What makes us happy? The experience of happiness or to be happy is unique to everyone. There are no hard and fast rules to make us happy. As the old saying goes, money does not make you happy but I am sure it sure does make things easier.
So in thinking about happiness I have come up with some points that perhaps describe times when we are unhappy to help realise what actually makes us unhappy.
1. We are unhappy when we try to control things or people we know we can't control.
If we spend our life trying to control a person or thing that we have no control over then we feel powerless. If we get angry and frustrated because we have no control we could even feel despair and helplessness. If we feel a sense of loss then we feel grief. If we cannot control something then we have to surrender to the notion that we must let it go and move on or simply stop trying to control things. When the ego gets scared it holds on and tries to be in control. It is a automatic safety mechanism within us. The more we hold on the more pain we feel. This pain is fuelled by fear. Fear of loss, fear of not having something whether it is a relationship or event in our life that we desperately want to happen.

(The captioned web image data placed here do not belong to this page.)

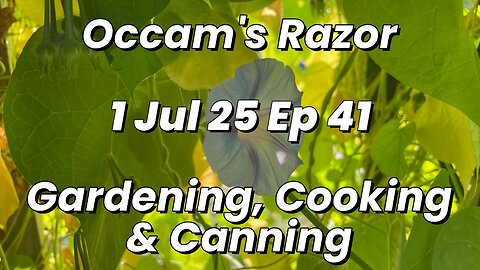 Occam’s Razor Gardening, Cooking & Canning Ep 41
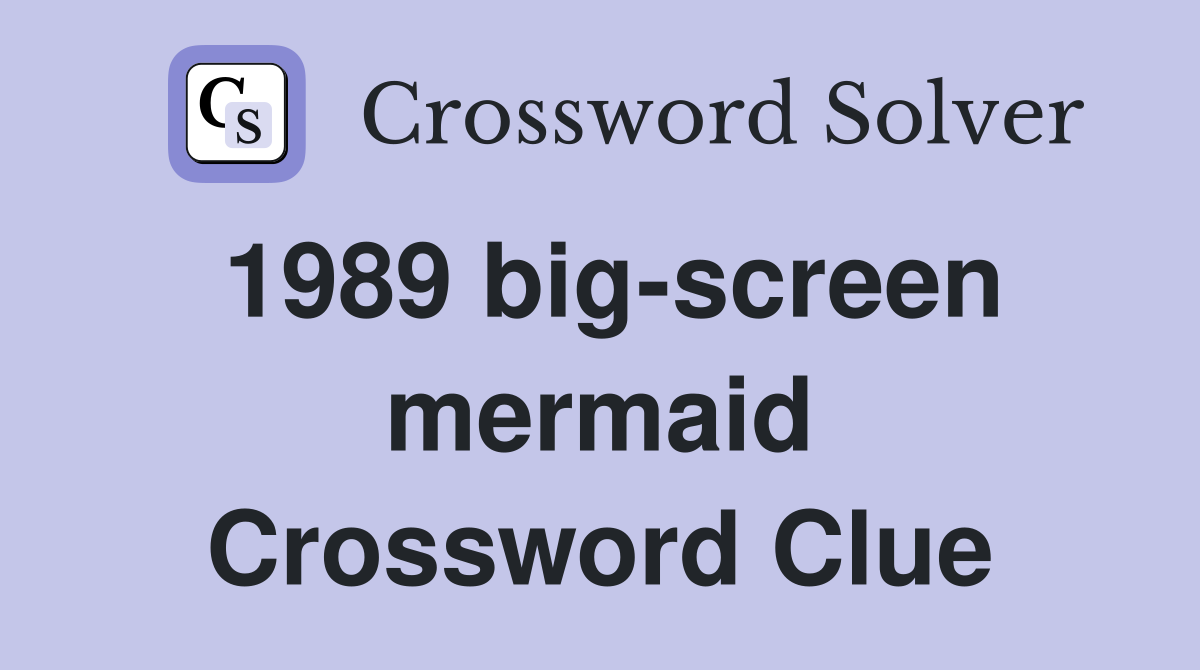 1989 big screen mermaid Crossword Clue Answers Crossword Solver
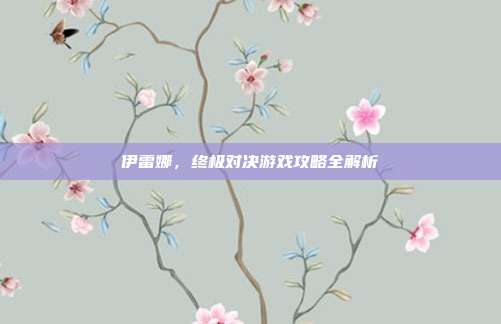 伊雷娜,终极对决游戏攻略全解析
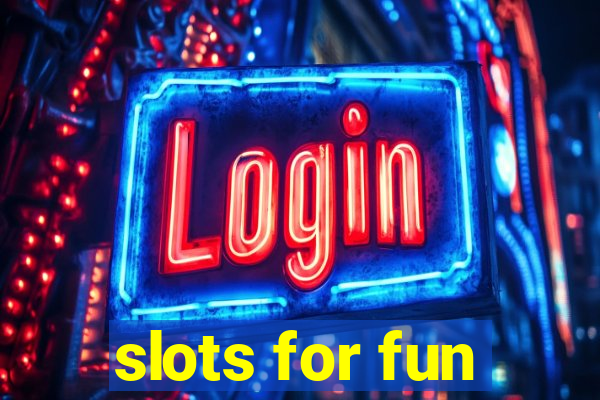 slots for fun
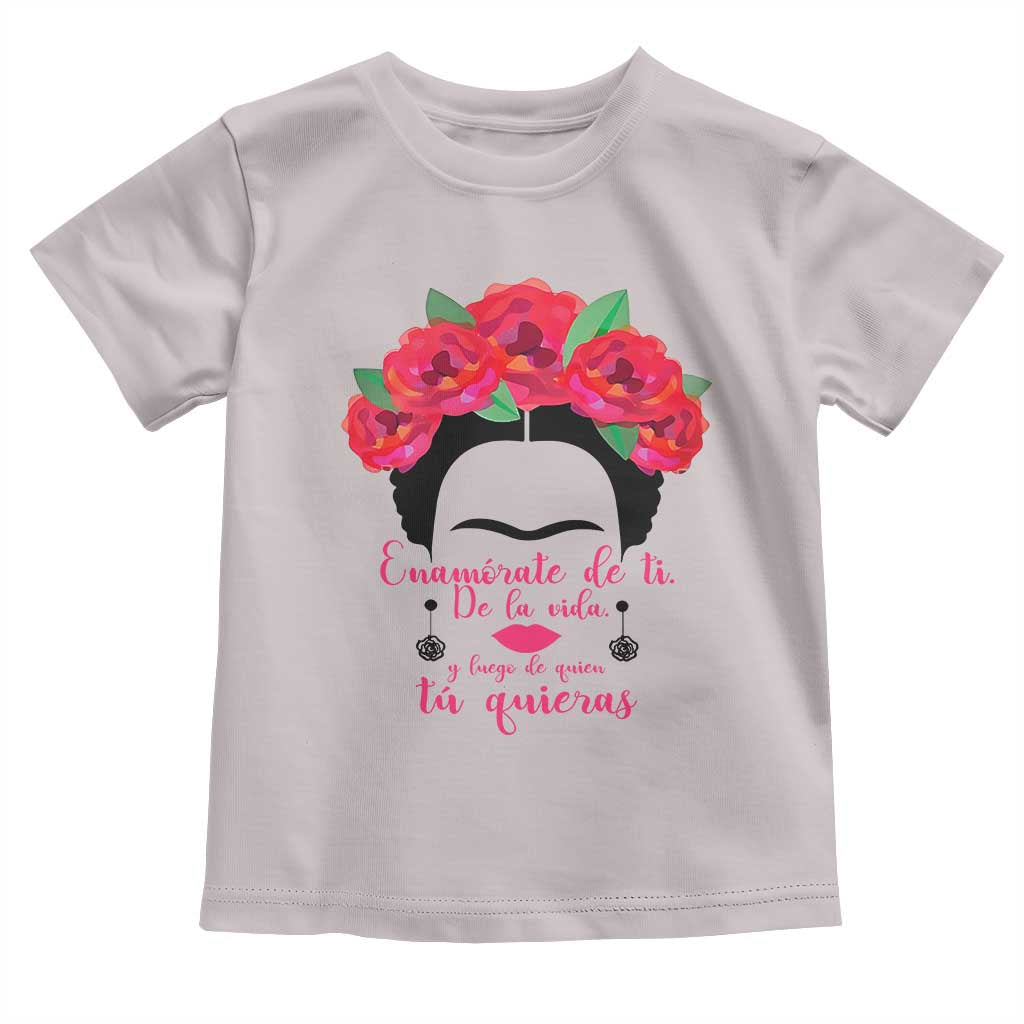 Frida Kahlo Quotes Toddler T Shirt Enamorate De Ti De La Vida Mexican Artist - Wonder Print Shop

2. We are unhappy when we do not honour our Self.
When we dishonour our Self we fail to act in a way that is with love and care for our Self. This may be reflected in the fact that we fall short in our efforts to perform or achieve something and we let our self down. Or it may be a scenario where we do not stand up for our self and we feel angry inside because we undervalued our self. It may be that we procrastinate on making a change in our life when we know we really need to, or that we have made poor decisions that are leading us in the wrong direction. All these different cases mean that we are either consciously or unconsciously not honouring our Self.
3. We are unhappy when we over-react and hurt other people.
There are times when we fail to do the right thing by others and this can eat away at us like a slow sore that makes us feel angry. Angry perhaps that we were out of line or did not act when we should have for the sake of someone else. Guilt is the emotion we usually feel when we have wronged another or not performed when we know we should have. When we are guilt-ridden it is very difficult to feel happy. We must transform the guilt and forgive our self. There are always positives with every 'negative' event for all parties involved.
4. We are unhappy when we feel unsupported in life.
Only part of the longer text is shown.